"La Maison des coeurs brisés, Fantaisie dans le style russe sur un thème anglais" de Bernard Shaw (1916-1917, trad. française Georges Perros, 1982)

Publié le par Irene Cadel

Fin et spirituel, le dramaturge Bernard Shaw révèle ici un théâtre aux personnages chatoyants, fantaisistes, incroyables mêmes. Ce petit monde ancré bon gré mal gré dans l’espace (en Angleterre, à la lisière du Sussex) et le temps (au XXéme siècle, fin septembre, le soir) recèle d’étonnants trésors de répliques, drôles, décalées et profondes aussi. La Maison des cœurs brisés, Fantaisie dans le style russe sur un thème anglais est « une vraie boîte à surprises », comme le prétend Nounou Guiness, et même d’après le Capitaine Shotover, « la maison de Dieu, [où] ce qui est vrai ici est universellement vrai ». Elle représente merveilleusement le théâtre.


Trois actes, et pas de scène susceptibles d’introduire les personnages autour d’une action dramatique. Non, trois fois non ! Ici, les personnages se désorientent et se jouent de l’action principale rapidement balancée par Madame Hushabye « Naturellement, tu as fait connaissance avec Ellie … Elle va se marier. Avec un millionnaire. Un vrai cochon. Tout ça par amour pour son père, fauché comme un rat d’église. Tu vas m’aider à empêcher ça. ». La faconde des personnages et leur à propos, si étonnant, sont au cœur des événements, leur donnant le rythme entraînant d’une valse avec l’imaginaire.
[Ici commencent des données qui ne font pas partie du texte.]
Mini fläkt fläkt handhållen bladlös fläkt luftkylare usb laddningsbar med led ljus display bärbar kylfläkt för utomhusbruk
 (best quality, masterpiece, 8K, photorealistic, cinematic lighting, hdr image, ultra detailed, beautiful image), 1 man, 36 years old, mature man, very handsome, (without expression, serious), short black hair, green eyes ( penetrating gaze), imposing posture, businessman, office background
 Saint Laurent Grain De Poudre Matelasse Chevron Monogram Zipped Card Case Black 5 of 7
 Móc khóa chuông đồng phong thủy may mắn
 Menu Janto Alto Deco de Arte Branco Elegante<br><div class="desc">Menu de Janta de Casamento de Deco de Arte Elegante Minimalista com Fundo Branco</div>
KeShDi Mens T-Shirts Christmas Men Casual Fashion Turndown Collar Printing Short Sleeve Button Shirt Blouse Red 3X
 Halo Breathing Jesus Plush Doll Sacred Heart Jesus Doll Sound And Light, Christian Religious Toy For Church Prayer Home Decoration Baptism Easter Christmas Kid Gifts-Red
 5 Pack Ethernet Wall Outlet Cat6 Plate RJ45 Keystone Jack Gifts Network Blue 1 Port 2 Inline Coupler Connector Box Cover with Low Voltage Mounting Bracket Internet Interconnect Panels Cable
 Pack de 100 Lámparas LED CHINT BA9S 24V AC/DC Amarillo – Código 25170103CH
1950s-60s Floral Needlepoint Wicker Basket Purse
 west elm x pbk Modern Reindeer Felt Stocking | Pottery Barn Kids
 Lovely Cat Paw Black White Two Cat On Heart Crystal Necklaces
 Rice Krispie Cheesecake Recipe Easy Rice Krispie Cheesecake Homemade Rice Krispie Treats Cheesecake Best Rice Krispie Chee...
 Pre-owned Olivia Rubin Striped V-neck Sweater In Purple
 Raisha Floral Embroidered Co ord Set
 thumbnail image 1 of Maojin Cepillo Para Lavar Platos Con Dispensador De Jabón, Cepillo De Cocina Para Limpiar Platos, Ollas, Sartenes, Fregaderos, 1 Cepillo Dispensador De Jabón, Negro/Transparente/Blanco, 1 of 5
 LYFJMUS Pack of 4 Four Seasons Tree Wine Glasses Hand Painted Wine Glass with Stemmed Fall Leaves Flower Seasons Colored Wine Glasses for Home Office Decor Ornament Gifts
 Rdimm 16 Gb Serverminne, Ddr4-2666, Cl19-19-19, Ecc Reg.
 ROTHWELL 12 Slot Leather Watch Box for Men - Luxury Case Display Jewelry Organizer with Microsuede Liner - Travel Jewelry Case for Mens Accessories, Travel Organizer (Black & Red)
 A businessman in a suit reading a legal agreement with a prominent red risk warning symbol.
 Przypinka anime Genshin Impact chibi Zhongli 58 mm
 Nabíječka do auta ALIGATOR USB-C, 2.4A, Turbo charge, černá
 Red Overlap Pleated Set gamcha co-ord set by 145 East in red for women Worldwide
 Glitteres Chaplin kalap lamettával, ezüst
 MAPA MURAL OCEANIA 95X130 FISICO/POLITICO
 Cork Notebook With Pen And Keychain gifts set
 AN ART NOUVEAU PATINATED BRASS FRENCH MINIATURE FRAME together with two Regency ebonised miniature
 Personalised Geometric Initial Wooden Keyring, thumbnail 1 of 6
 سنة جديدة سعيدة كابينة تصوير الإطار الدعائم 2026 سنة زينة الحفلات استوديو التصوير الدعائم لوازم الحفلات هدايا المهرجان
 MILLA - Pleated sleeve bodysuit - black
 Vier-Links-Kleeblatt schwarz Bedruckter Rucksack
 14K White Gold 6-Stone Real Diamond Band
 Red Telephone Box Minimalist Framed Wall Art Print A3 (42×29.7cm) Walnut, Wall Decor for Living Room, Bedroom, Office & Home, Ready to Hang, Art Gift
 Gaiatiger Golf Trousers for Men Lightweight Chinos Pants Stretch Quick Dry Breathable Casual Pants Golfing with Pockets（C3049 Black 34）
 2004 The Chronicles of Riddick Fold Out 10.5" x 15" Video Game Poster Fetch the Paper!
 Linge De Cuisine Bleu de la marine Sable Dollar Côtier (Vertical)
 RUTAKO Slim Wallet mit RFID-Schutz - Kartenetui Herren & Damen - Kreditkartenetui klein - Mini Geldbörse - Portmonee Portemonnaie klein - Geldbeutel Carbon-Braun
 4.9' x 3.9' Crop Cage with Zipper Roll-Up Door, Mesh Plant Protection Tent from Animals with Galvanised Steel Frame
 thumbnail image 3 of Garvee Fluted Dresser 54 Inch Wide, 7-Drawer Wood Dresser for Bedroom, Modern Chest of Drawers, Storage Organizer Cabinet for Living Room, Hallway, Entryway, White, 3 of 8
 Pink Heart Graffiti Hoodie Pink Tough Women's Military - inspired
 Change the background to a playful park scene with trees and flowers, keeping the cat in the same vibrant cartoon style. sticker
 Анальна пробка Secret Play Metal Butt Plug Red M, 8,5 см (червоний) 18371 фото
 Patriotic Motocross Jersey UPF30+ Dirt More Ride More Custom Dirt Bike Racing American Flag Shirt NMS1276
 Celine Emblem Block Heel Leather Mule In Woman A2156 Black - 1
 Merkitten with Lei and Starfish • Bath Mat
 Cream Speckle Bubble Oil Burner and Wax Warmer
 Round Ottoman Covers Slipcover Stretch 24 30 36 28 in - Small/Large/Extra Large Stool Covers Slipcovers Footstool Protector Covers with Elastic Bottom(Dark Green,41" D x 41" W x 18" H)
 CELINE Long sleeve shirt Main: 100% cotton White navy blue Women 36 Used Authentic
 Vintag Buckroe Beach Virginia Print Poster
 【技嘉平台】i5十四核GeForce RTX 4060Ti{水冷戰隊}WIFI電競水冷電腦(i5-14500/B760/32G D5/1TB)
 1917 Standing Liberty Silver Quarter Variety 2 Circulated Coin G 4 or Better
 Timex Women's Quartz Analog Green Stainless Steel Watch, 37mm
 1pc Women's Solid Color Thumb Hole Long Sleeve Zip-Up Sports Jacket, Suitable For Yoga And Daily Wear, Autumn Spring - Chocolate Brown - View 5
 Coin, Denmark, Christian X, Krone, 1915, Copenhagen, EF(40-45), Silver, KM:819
Premier acte. C’est le moment pour l’auteur de donner à la scène son décor, mais ici, il est juste improbable : fenêtres et portes vitrées, murs et charpentes se dessinent confusément. C’est une maison à la forme d’un vaisseau, toute bizarre. Côté babord se détache le jardin sur lequel s’ouvrent les portes vitrées. C’est là qu’une jeune fille, Ellie Dunn, s’est assoupie à force d’attendre qu’on daigne s’apercevoir qu’elle est l’invitée… de Hésione Hushabye, la fille aînée du Capitaine Shotover. Arrivent alors la fille cadette du Capitaine, Lady Ariane Utterword, puis le père de Ellie, Mazzini Dunn et Monsieur Alfred Mangan, son promis. La scène s’étoffe aussi du romanesque mari de Madame Hushabye, Marc Darnley autrement nommé Hector Hushabye, et du beau frère d’Ariane, Randall Utterword.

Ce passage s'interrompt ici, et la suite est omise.